Regarding accuracy as a measurement of the amount of likely activity required to enable the text output to meet the defined requirements would be more useful.
In this context we might look at the number of words that are incorrect rather than number of characters. For example: a page of 500 words with 2,500 characters. If the OCR engine gives a result of 98% accuracy this equals 50 characters incorrect. However, looked at in word terms this could convert to 50 words incorrect (one character per word) and thus in word accuracy terms would equal 90% accuracy. If 25 words are inaccurate (2 characters on average per word) then this gives 95% in word accuracy terms. If 10 words were inaccurate (average of 5 characters per word) then the word accuracy is 98%. In terms of effort and usefulness the word accuracy matters more than the character accuracy – we can see the possibility of 5 times the effort to correct to 100% across the word accuracy range shown in this simple example. It is essential to remember that correcting OCR or text output is relatively expensive in terms of time and effort requiring both correction and proof reading activities – so it best to seek ways to avoid this additional activity if possible.
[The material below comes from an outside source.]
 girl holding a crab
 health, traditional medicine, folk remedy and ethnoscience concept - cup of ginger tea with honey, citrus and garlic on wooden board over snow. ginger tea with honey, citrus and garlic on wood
The other consideration might be the usefulness of the text for indexing and retrieval purposes. If it is possible to achieve 90% character accuracy and still get 90% word accuracy, then most search engines utilising fuzzy logic would get in excess of 98% retrieval rate for straightforward prose text. In these cases the OCR accuracy may be of less interest than the potential retrieval rate for the resource (especially as the user will never see the OCR’d text to notice it isn’t perfect). In most prose
circumstances significant words and names are repeated which improves even more the chances of retrieval and can enable high retrieval rates for OCR accuracies measuring lower than 90%.